(WORK TASK) Your task is to copy the lines of the data below from the line holding "手描き風えんぴつ柄ワンピース**綿ローン**黒・グレー" through the line holding "Photo 13 of", inclusive, exactly and with nothing added.

(EXERCISE INPUT)
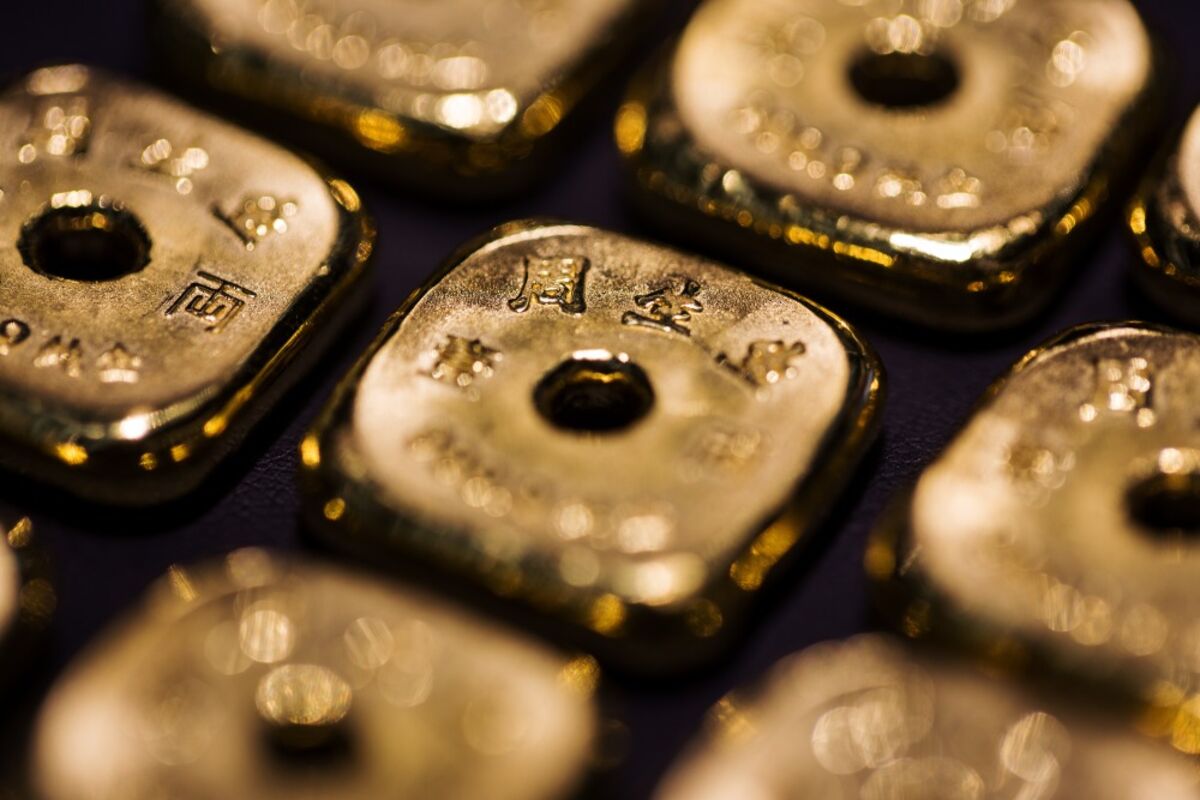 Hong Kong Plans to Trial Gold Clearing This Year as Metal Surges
...
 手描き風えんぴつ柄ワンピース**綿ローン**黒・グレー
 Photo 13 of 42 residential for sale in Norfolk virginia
* * *
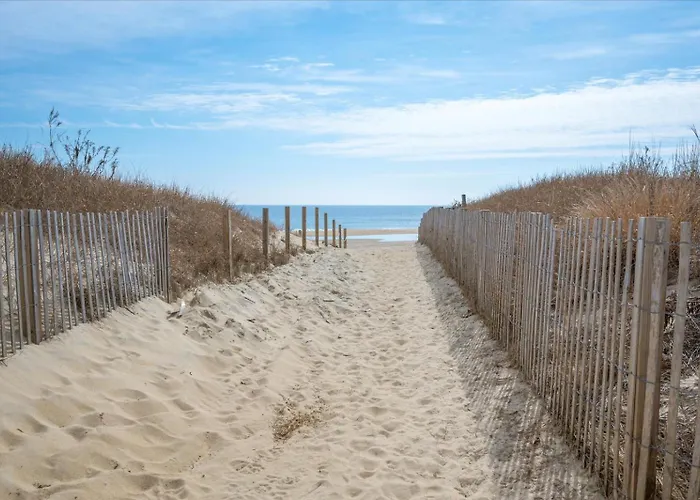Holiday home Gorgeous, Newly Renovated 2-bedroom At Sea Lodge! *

(RESULT OF THE EXERCISE)
 手描き風えんぴつ柄ワンピース**綿ローン**黒・グレー
 Photo 13 of 42 residential for sale in Norfolk virginia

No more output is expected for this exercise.